Angewandte Chemie International Edition

Cover image for Vol. 54 Issue 37

Editor: Peter Gölitz, Deputy Editors: Neville Compton, Haymo Ross

Online ISSN: 1521-3773

Associated Title(s): Angewandte Chemie, Chemistry - A European Journal, Chemistry – An Asian Journal, ChemistryOpen, ChemPlusChem, Zeitschrift für Chemie

Press Release

For full article and contact information, see Angew. Chem. Int. Ed. 2003, 42 (48), 6012—6014

No. 48/2003

Good News for Red-Wine Lovers

Possible antitumor substances in red wine are formed during ageing in oak barrels

Polyphenols not only give red wine its characteristic dry flavor, they are also the basis for the recent good reputation of this stimulant as a true health drink. They are believed to prevent heart disease and atherosclerosis. French researchers working with Stéphane Quideau have now discovered more examples of polyphenols in red wine, and these could have anticancer activity.

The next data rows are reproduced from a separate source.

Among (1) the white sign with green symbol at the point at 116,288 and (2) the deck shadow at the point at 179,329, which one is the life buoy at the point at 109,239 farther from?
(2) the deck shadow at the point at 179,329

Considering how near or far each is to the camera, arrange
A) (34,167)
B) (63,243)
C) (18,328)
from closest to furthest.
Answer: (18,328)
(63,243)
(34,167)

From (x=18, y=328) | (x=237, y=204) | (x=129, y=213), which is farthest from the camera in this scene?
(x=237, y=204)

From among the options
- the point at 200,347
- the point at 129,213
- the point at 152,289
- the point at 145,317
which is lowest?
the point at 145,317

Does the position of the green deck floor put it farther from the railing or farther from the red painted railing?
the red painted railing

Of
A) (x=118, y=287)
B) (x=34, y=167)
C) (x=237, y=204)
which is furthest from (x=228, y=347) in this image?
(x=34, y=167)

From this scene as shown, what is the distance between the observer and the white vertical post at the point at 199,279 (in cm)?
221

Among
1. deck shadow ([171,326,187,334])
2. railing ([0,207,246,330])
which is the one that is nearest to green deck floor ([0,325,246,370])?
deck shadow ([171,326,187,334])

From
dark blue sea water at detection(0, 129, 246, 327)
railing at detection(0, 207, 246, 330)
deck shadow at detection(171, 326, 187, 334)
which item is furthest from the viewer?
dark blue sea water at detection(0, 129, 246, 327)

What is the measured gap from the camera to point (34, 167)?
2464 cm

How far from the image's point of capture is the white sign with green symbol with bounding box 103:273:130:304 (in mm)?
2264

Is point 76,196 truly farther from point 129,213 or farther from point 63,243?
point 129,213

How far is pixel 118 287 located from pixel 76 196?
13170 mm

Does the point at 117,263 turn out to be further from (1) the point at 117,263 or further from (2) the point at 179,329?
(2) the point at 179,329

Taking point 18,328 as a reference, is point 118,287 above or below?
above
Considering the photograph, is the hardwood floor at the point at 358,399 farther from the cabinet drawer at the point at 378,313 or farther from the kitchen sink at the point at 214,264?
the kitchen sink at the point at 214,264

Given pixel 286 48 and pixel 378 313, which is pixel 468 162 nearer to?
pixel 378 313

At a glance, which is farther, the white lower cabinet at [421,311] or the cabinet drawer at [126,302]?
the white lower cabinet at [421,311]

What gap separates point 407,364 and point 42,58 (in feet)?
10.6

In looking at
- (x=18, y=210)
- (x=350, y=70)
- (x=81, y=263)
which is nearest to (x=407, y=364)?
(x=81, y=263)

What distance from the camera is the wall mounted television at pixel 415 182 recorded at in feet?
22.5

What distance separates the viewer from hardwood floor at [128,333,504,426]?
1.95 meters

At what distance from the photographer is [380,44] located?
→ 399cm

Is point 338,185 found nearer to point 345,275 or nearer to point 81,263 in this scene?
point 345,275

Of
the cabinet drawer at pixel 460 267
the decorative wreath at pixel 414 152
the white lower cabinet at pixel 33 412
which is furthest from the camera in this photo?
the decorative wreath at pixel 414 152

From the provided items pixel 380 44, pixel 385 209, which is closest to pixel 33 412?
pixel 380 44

Polyphenols are a large class of substances that act as tannins and pigments in many fruits and vegetables. "A number of these substances have already made their way into medicine, but the potential has not been exhausted by a long shot," says Quideau. He and his team have now found another interesting compound in red wine. Acutissimin A is a flavano ellagitannin, meaning that it has both flavonoid and tannin components. The substance was first discovered in the oak species Quercus acutissima, from which it takes its name. What makes acutissimin A so attractive is its inhibitory effect on DNA topoisomerase II, because this enzyme is a target in cancer treatment. Acutissimin A inhibits this enzyme 250 times more strongly than the clinically used antitumor agent Etoposid.

The French team was able to produce acutissimin A semisynthetically in the laboratory by binding together the flavanoid catechin and the tannin vescalagin. If an isomer of catechin, epicatechin, is used, a closely related but previously unknown compound, which the researchers called "epiacutissimin", is formed. The team was later also able to detect this substance in red wine extracts.

How do acutissimin and epiacutissimin get into red wine? It’s the ageing in oak barrels! Says Quideau: "The grape juice contains the flavonoid precursors catechin and epicatechin. During storage, the alcoholic liquid then extracts a whole bouquet of substances out of the oak barrels, including the necessary co-reactant, vescalagin." Quideau and his colleagues won’t go so far as to call wine a cancer preventative. But one can hardly wait to see what surprises red wine has in store for us next. The probability is high that these precious drops contain more tannin hybrid molecules with interesting pharmacological activity.